Some redactions appear to have been motivated not by any sense of national security but by a desire to avoid institutional embarrassment. In an August 1960 cable, for example, Clare Timberlake, the U.S. ambassador, wrote the State Department saying it was a “fiction that we are dealing with a civilized people or a responsible government in the Congo.” When his words were presented to readers of a State Department volume on Africa published in 1992, the phrase “a civilized people” was replaced with “[less than 1 line of source text not declassified].”
The normal processes for releasing documents aren’t working. The United States spends a pittance on declassification, and the U.S. intelligence community has resisted efforts to replace costly manual reviews with ones conducted by artificial intelligence. Freedom of Information Act requests take ages to bear fruit. In 2018, investigative reporter Emma Best filed one for the CIA’s internal history, subtitled the “CIA’s Operation Against Lumumba in 1960.” The request is still pending.
Atonement must begin with an accounting. Right now, we don’t know all that could be known about America’s misdeeds in Congo. Biden could change this tomorrow by ordering a large-scale declassification project focused on U.S. policy there in the 1960s. The Obama administration did the same thing with regard to Argentina’s “dirty war” of the 1970s and 1980s, an initiative that produced more than 7,000 documents.

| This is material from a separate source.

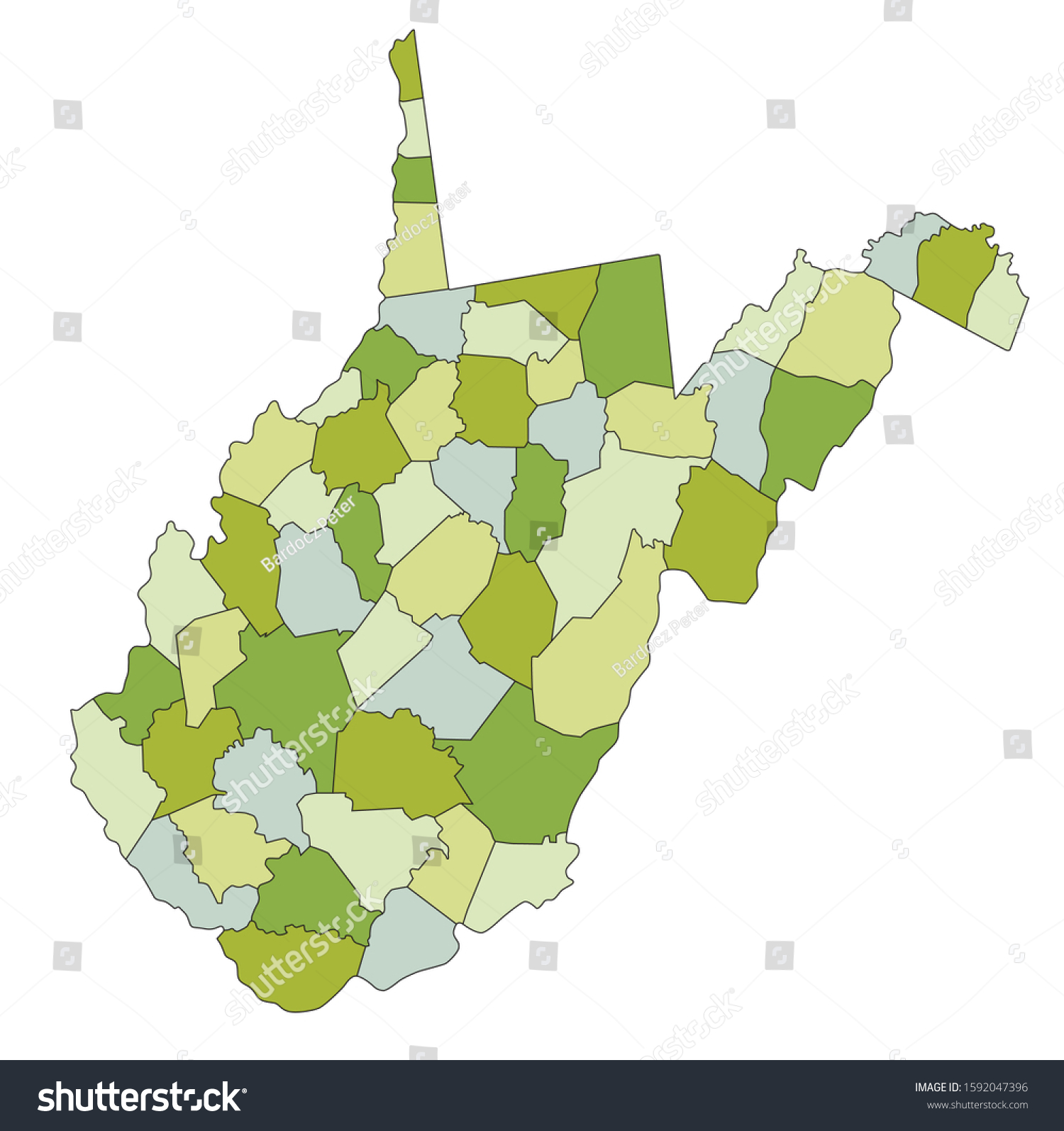 Highly Detailed Editable Political Map Separated Stock Vector Royalty   Stock Vector Highly Detailed Editable Political Map With Separated Layers West Virginia 1592047396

Nor surprisingly for a country that has been the victim of actual conspiracies, Congo’s politics and society are poisoned by conspiracy theories. During the 2019 Ebola epidemic, for example, many of the infected thought the disease was a hoax or part of a Western extermination campaign and thus refused to go to the hospital. Health workers were attacked. American forthrightness about its past policies wouldn’t cure Congolese mistrust overnight. But it would represent a small step toward filling the information vacuum with historical fact and showing that when it comes to transparency, Washington is walking the walk.

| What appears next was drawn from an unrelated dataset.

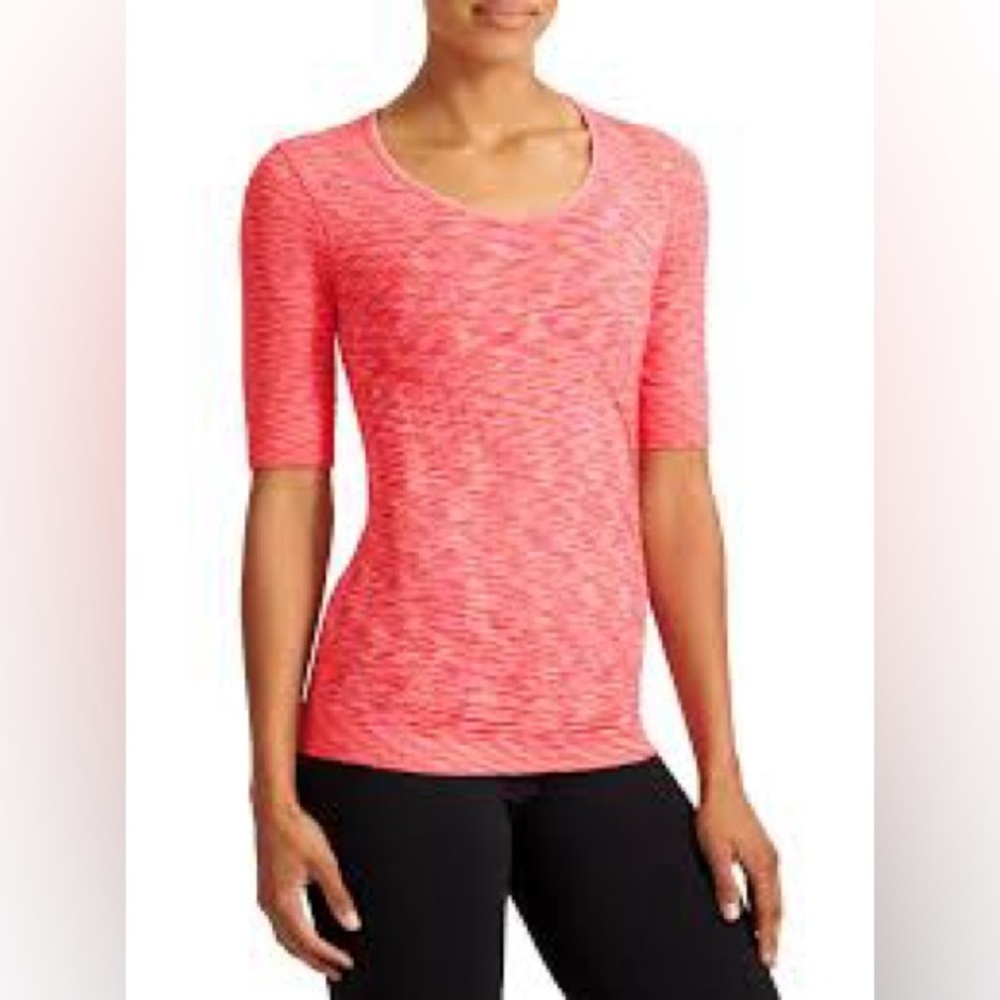 Athleta Orange Space Dye Seamless Short Sleeve Running Shirt Size Small Stretch - Picture 3 of 7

More important, a Congo declassification project would be a diplomatic freebie. Biden should know this well. As vice president, he traveled to Brazil during a time of tense relations with the United States but arrived with a peace offering: a disk full of declassified documents about the pro-American military government that took power in the country in 1964. “I hope that in taking steps to come to grips with our past,” Biden told President Dilma Rousseff, “we can find a way to focus on the immense promise of the future.”

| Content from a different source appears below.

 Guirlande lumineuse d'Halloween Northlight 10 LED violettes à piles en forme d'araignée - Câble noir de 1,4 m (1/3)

Applied to Congo, such openness would no doubt be received by leaders as a sign of respect, enhancing U.S. diplomatic influence in a place where it has been waning for years as China and Russia have gained ground. (Indeed, America’s lack of influence in Congo was part of the reason it felt the need to go along with the stolen elections there.) Especially in Africa, given the history of colonialism, the optics of Western diplomacy matter. Witness the outrage at the way multiple African heads of state attending Queen Elizabeth II’s funeral last year were ushered onto a bus like schoolchildren while Biden and French President Emmanuel Macron arrived in their own limousines. American disclosures would send a clear message to Congo: Your country and your history matter to us.
But the United States also stands to benefit from declassification. Democracies are defined by openness, accountability and free inquiry. They enjoy the self-confidence that comes with self-acceptance, certain that their system can survive whatever embarrassing disclosures it suffers. More than six decades after Lumumba’s murder, what are we still hiding and why?
– Published Courtesy of the Washington Post.